• THE TASK
Write out the data word for word and drop any picture you find.

(DATASET Opens)

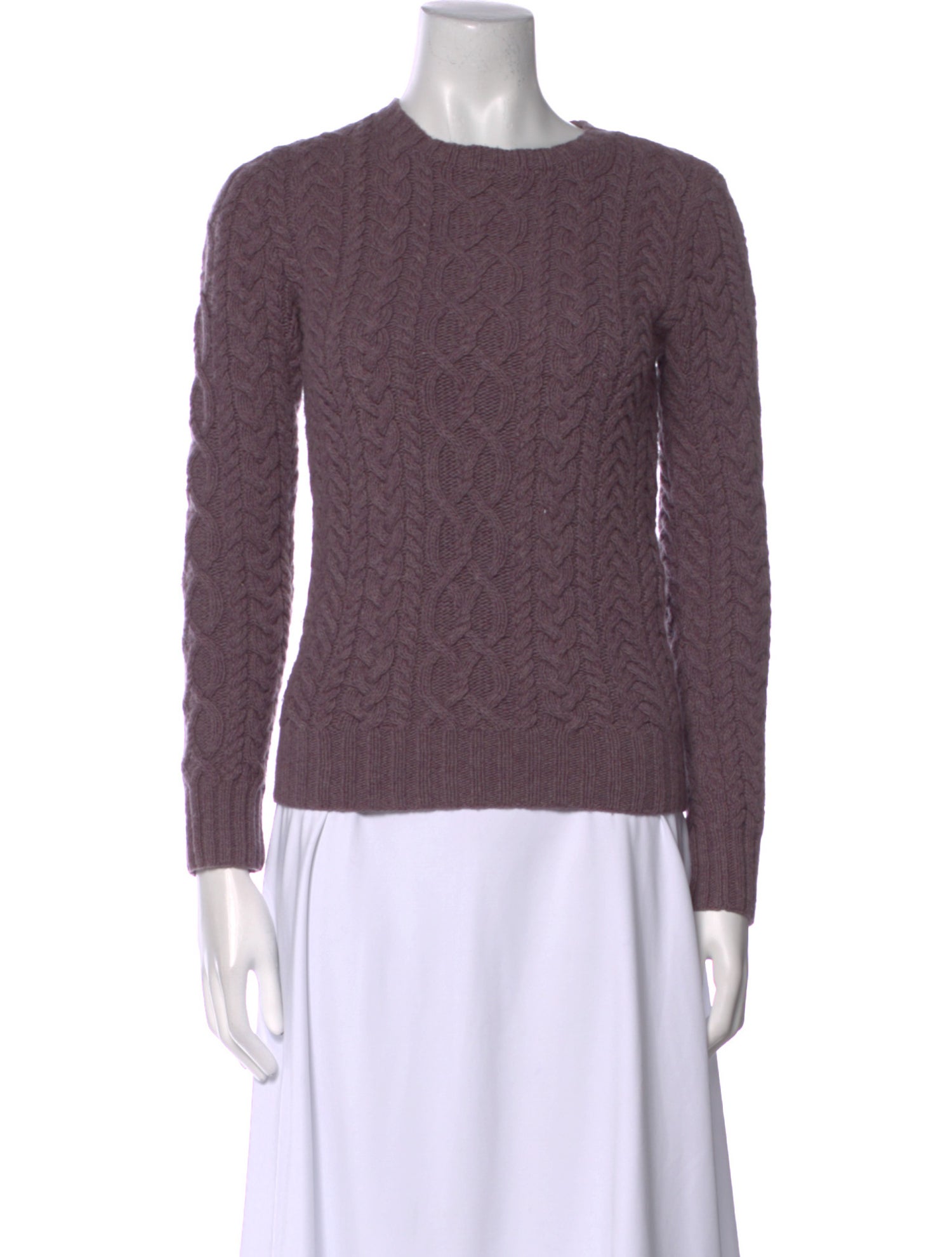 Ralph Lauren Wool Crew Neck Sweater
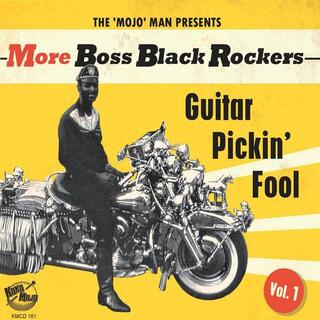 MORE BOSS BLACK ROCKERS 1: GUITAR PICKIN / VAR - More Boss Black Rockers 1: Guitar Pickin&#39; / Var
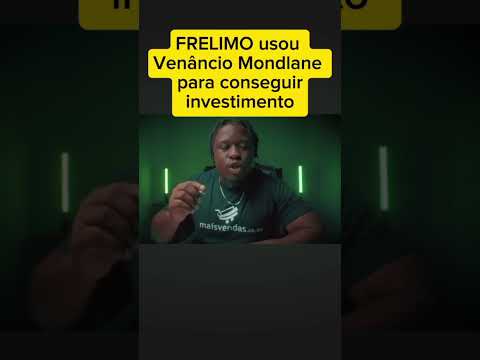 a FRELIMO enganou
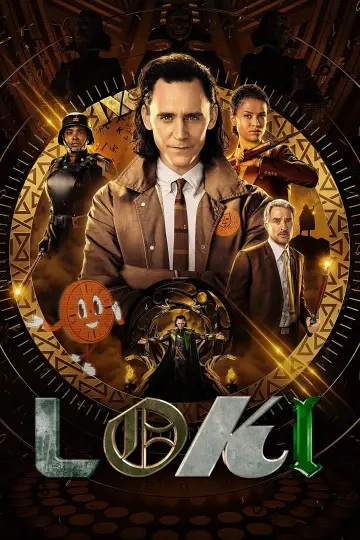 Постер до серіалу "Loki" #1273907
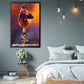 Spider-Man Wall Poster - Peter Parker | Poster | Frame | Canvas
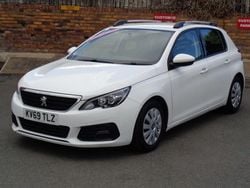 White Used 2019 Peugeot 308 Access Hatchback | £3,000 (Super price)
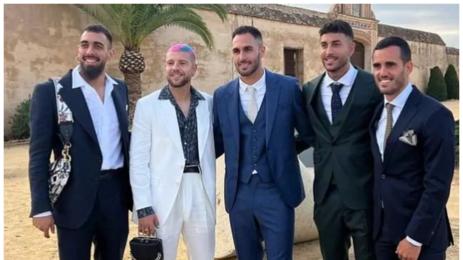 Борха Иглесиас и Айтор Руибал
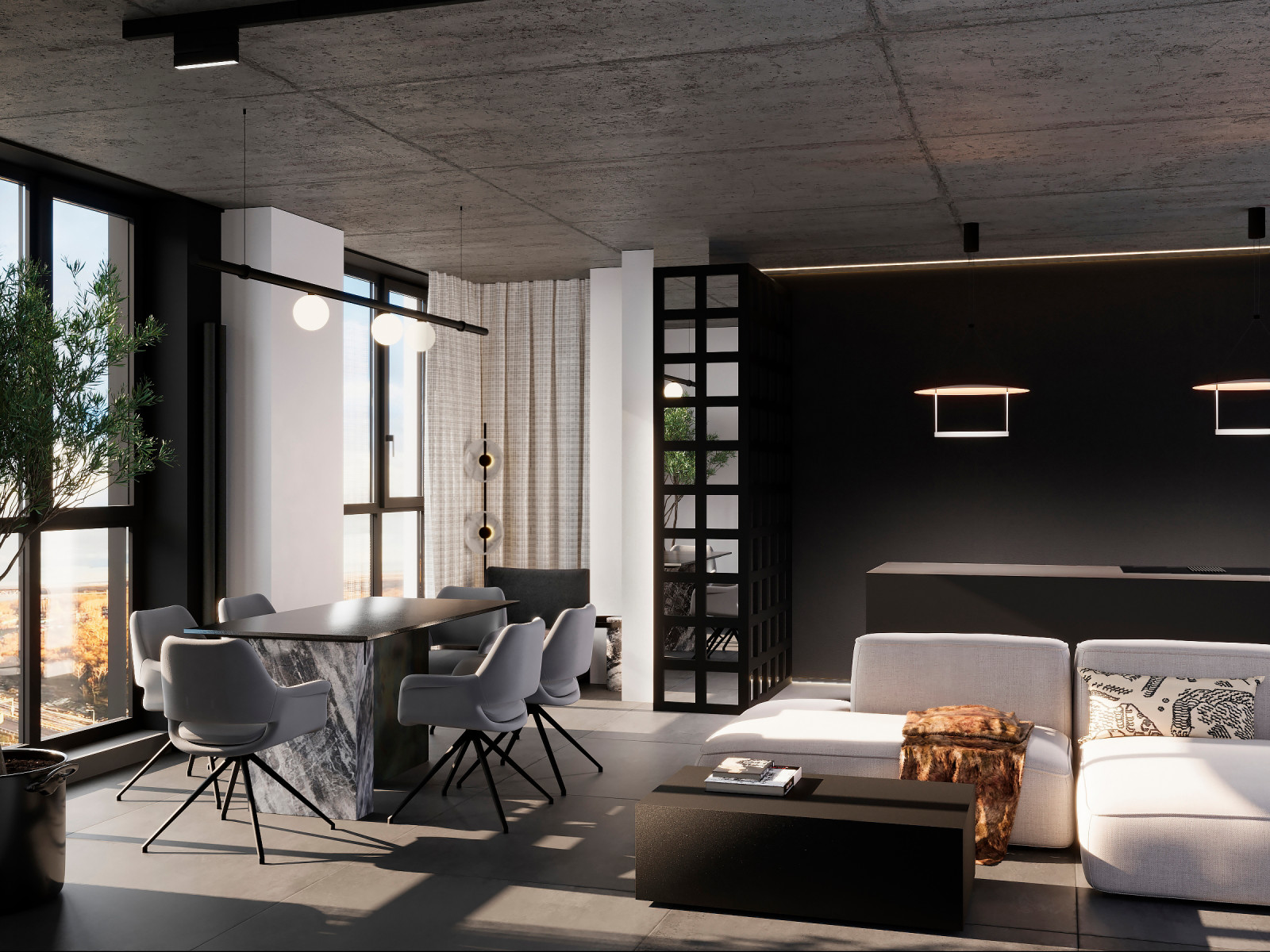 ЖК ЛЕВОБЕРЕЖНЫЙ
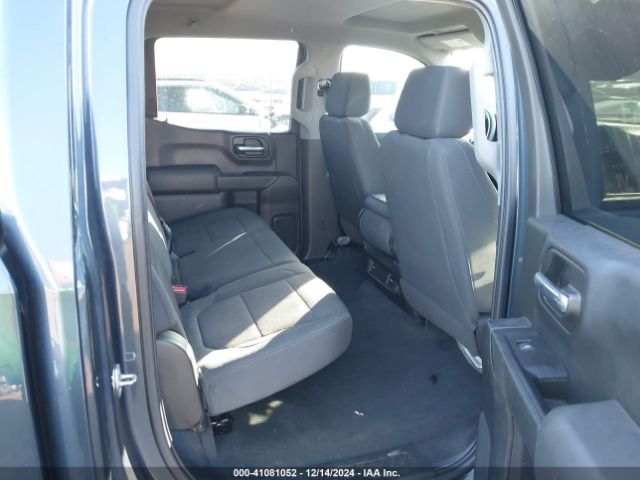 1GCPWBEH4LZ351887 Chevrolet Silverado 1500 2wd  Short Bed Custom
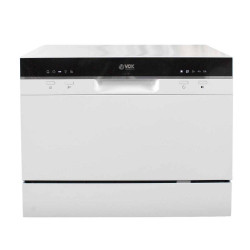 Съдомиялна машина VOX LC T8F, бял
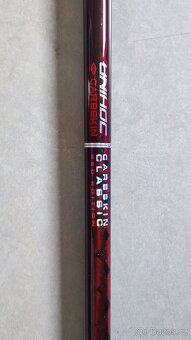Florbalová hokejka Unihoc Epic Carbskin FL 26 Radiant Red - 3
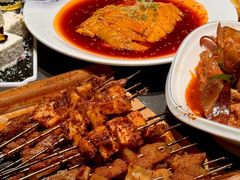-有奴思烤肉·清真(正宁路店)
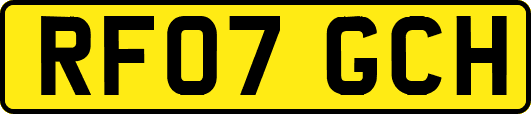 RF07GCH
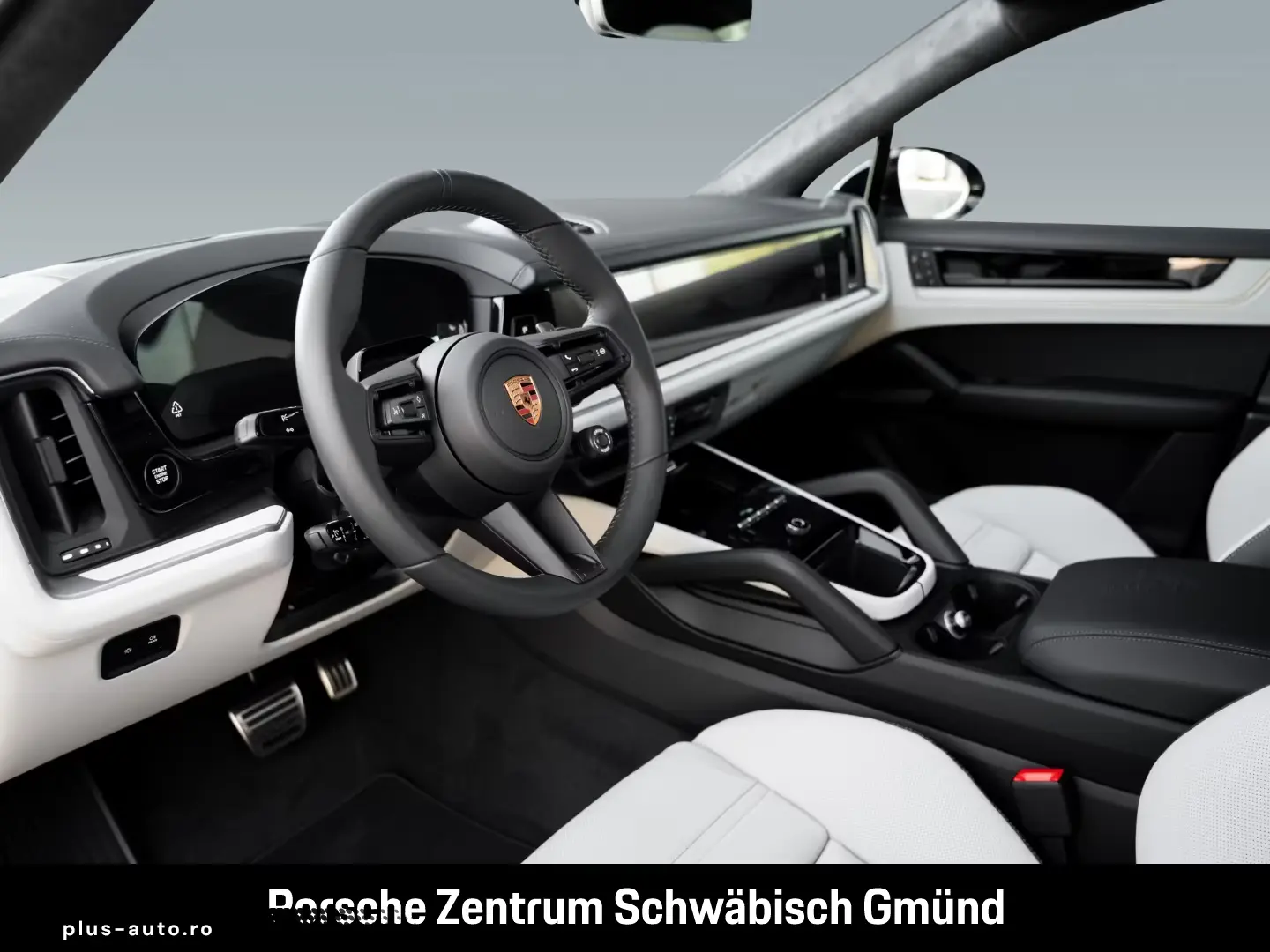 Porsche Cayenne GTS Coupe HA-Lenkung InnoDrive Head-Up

(DATASET Closes)

• RESULT OF THIS EXERCISE
 Ralph Lauren Wool Crew Neck Sweater
 MORE BOSS BLACK ROCKERS 1: GUITAR PICKIN / VAR - More Boss Black Rockers 1: Guitar Pickin&#39; / Var
 a FRELIMO enganou
 Постер до серіалу "Loki" #1273907
 Spider-Man Wall Poster - Peter Parker | Poster | Frame | Canvas
 White Used 2019 Peugeot 308 Access Hatchback | £3,000 (Super price)
 Борха Иглесиас и Айтор Руибал
 ЖК ЛЕВОБЕРЕЖНЫЙ
 1GCPWBEH4LZ351887 Chevrolet Silverado 1500 2wd  Short Bed Custom
 Съдомиялна машина VOX LC T8F, бял
Florbalová hokejka Unihoc Epic Carbskin FL 26 Radiant Red - 3
-有奴思烤肉·清真(正宁路店)
 RF07GCH
 Porsche Cayenne GTS Coupe HA-Lenkung InnoDrive Head-Up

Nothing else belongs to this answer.